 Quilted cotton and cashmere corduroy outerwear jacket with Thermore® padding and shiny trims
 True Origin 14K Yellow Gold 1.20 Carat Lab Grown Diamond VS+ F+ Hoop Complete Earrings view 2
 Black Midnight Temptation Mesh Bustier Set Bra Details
==
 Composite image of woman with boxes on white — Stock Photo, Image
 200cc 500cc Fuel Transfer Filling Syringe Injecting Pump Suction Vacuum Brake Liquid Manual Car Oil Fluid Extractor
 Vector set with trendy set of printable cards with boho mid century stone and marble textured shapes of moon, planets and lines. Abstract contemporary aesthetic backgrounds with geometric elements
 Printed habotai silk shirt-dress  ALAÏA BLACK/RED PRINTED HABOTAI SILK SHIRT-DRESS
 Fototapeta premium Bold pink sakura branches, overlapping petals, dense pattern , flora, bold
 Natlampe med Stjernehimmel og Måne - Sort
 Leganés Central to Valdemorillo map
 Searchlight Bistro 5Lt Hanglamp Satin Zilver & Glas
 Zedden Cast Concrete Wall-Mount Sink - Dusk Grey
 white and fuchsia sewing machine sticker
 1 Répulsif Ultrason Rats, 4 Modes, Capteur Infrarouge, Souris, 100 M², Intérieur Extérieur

**Task statement:**
Return exactly the lines above from the line that has "Composite image of" through the line that has "1 Répulsif Ultrason", inclusive, and nothing else.

**Output for this exercise:**
 Composite image of woman with boxes on white — Stock Photo, Image
 200cc 500cc Fuel Transfer Filling Syringe Injecting Pump Suction Vacuum Brake Liquid Manual Car Oil Fluid Extractor
 Vector set with trendy set of printable cards with boho mid century stone and marble textured shapes of moon, planets and lines. Abstract contemporary aesthetic backgrounds with geometric elements
 Printed habotai silk shirt-dress  ALAÏA BLACK/RED PRINTED HABOTAI SILK SHIRT-DRESS
 Fototapeta premium Bold pink sakura branches, overlapping petals, dense pattern , flora, bold
 Natlampe med Stjernehimmel og Måne - Sort
 Leganés Central to Valdemorillo map
 Searchlight Bistro 5Lt Hanglamp Satin Zilver & Glas
 Zedden Cast Concrete Wall-Mount Sink - Dusk Grey
 white and fuchsia sewing machine sticker
 1 Répulsif Ultrason Rats, 4 Modes, Capteur Infrarouge, Souris, 100 M², Intérieur Extérieur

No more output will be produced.